Das wiederum will das Kommunalreferat nicht auf sich sitzen lassen. Schon im November, erklärt eine Sprecherin, habe der Makler mitgeteilt, dass der Verkauf "weit fortgeschritten" sei. Zudem habe der Makler zu verstehen gegeben, dass die nötige Investitionssumme und auch der zeitliche Ablauf für die Stadt "kaum realistisch" seien. Der Verkauf sei mit Fokus "schneller Abschluss" vorangetrieben worden, so die Sprecherin.

Die Stadt aber müsse in solch einem Verkaufsprozess "mehrere Dienststellen" involvieren, zudem die städtischen Wohnungsgesellschaften, und sich auch mit dem Stadtrat abstimmen. Außerdem habe man mit Steuergeldern verantwortlich umzugehen. Das Haus sei nicht nur teuer, sondern auch mit hohen Risiken belastet. Die Kämmerei habe einen Kauf abgelehnt, das Kommunalreferat würde trotzdem gerne den Wunsch der Mehrheitsfraktionen erfüllen und zugreifen. Unterm Strich bedeutet das: Ja, die Stadt war nicht gerade schnell, aber das hat seine Gründe.

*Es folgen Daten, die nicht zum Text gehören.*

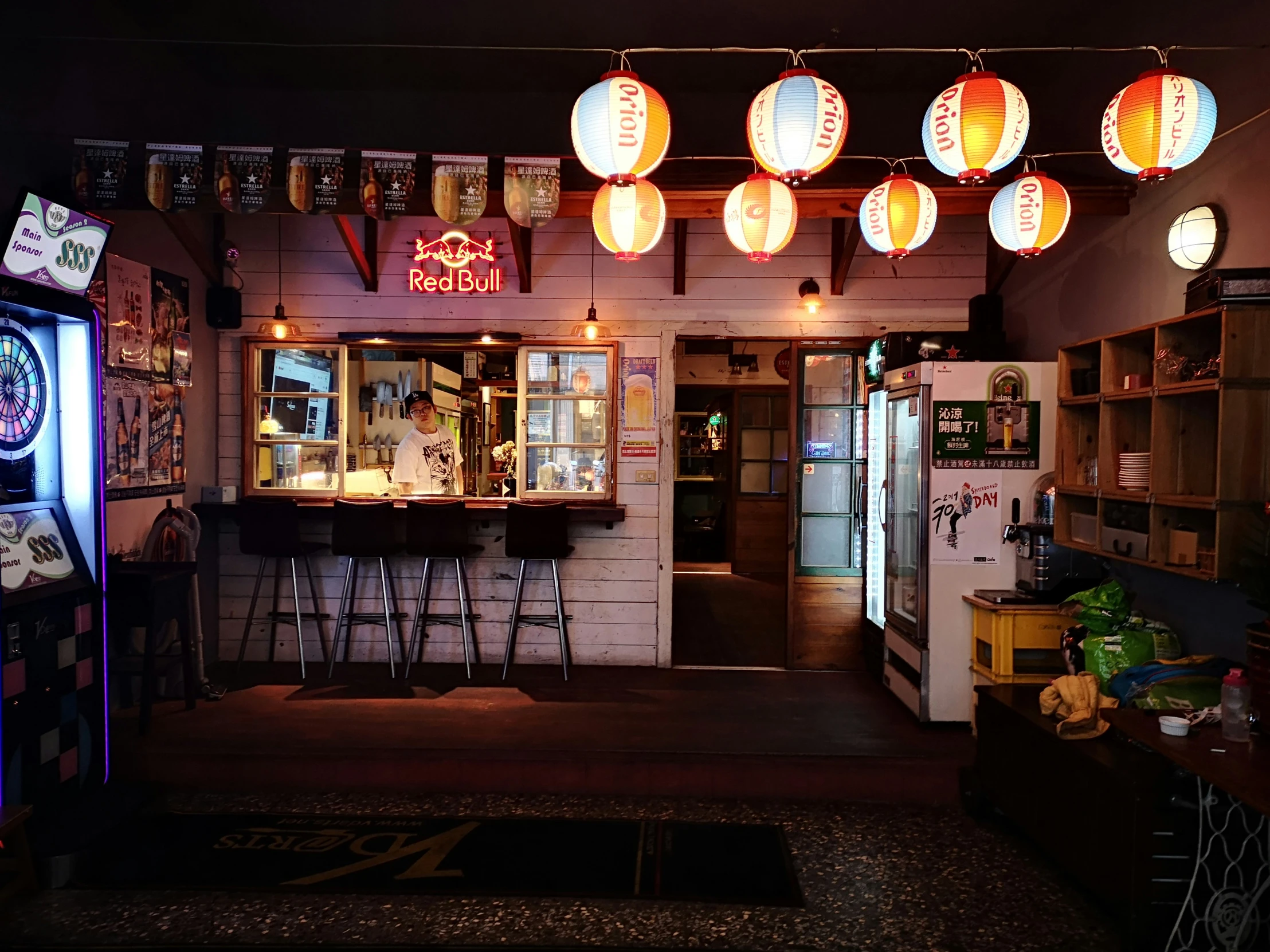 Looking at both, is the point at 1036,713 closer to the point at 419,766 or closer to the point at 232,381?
the point at 419,766

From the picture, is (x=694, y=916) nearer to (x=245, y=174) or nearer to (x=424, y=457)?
(x=424, y=457)

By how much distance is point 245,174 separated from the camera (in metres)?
4.21

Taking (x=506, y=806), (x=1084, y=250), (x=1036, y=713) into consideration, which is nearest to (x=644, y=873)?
(x=506, y=806)

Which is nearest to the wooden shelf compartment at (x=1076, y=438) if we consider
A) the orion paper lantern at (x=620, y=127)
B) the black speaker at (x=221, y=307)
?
the orion paper lantern at (x=620, y=127)

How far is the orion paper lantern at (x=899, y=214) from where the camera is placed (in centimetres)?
390

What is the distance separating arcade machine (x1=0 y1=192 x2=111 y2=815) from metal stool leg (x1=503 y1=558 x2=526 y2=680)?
227 cm

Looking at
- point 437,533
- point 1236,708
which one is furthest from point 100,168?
point 1236,708

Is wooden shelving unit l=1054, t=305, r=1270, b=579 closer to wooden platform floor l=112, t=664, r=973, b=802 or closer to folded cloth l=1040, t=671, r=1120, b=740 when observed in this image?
folded cloth l=1040, t=671, r=1120, b=740

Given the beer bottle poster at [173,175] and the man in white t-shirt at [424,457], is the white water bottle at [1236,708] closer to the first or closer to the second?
the man in white t-shirt at [424,457]

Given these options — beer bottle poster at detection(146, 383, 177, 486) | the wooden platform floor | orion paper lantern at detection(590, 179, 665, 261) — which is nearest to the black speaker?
beer bottle poster at detection(146, 383, 177, 486)

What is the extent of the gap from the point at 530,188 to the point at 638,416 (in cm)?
186

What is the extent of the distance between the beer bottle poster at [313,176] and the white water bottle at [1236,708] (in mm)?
4385

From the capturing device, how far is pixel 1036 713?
10.6 ft

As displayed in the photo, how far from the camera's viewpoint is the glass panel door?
4719 mm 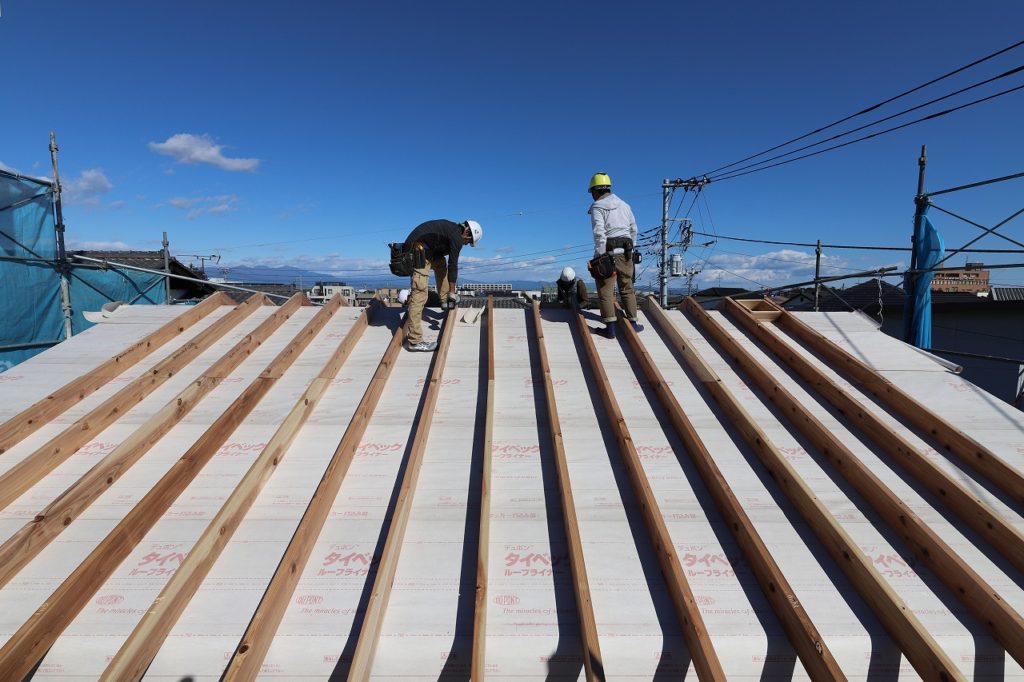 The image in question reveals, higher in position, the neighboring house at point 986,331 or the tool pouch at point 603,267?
the tool pouch at point 603,267

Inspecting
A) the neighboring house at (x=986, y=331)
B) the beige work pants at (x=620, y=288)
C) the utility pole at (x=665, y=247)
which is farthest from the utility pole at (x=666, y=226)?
the beige work pants at (x=620, y=288)

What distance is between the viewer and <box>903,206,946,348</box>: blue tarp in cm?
725

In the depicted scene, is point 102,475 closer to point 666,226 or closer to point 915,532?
point 915,532

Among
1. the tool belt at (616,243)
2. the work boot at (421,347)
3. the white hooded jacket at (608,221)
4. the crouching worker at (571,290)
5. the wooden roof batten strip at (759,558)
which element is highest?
the white hooded jacket at (608,221)

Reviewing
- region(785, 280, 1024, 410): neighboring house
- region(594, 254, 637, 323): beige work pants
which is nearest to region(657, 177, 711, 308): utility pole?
region(785, 280, 1024, 410): neighboring house

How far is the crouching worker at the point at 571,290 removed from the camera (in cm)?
620

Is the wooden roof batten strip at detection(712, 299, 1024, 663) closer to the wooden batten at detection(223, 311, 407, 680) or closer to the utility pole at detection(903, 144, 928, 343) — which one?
the wooden batten at detection(223, 311, 407, 680)

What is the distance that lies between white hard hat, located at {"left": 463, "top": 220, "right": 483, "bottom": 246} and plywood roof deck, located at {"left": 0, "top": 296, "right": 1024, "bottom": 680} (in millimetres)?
1660

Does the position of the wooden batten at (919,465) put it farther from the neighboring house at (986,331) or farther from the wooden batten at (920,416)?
the neighboring house at (986,331)

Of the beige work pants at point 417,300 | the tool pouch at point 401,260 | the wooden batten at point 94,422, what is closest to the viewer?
the wooden batten at point 94,422

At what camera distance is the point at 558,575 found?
2559 mm

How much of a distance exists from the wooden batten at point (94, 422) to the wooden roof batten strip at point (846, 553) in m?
5.00

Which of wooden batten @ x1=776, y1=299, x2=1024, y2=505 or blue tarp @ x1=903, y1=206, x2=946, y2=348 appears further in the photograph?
blue tarp @ x1=903, y1=206, x2=946, y2=348

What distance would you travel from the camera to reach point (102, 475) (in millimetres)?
3023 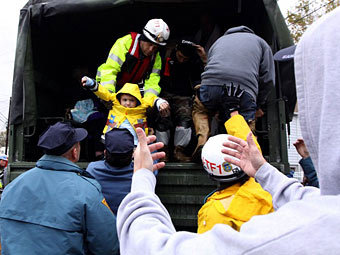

Im Stadtrat wollen nun manche, dass sich die Verwaltung besser rüstet für künftige Verkaufsprozesse. Stefan Jagel fordert "frühzeitige Transparenz gegenüber dem Stadtrat". Und Anna Hanusch, Fraktionschefin der Grünen, wünscht sich, dass die Verwaltung künftig mit mehr Vehemenz solche Immobilien-Gelegenheiten angehe. Und gegen welchen Investor hat die Stadt das Rennen wohl verloren? Noch schweigt der Insolvenzverwalter.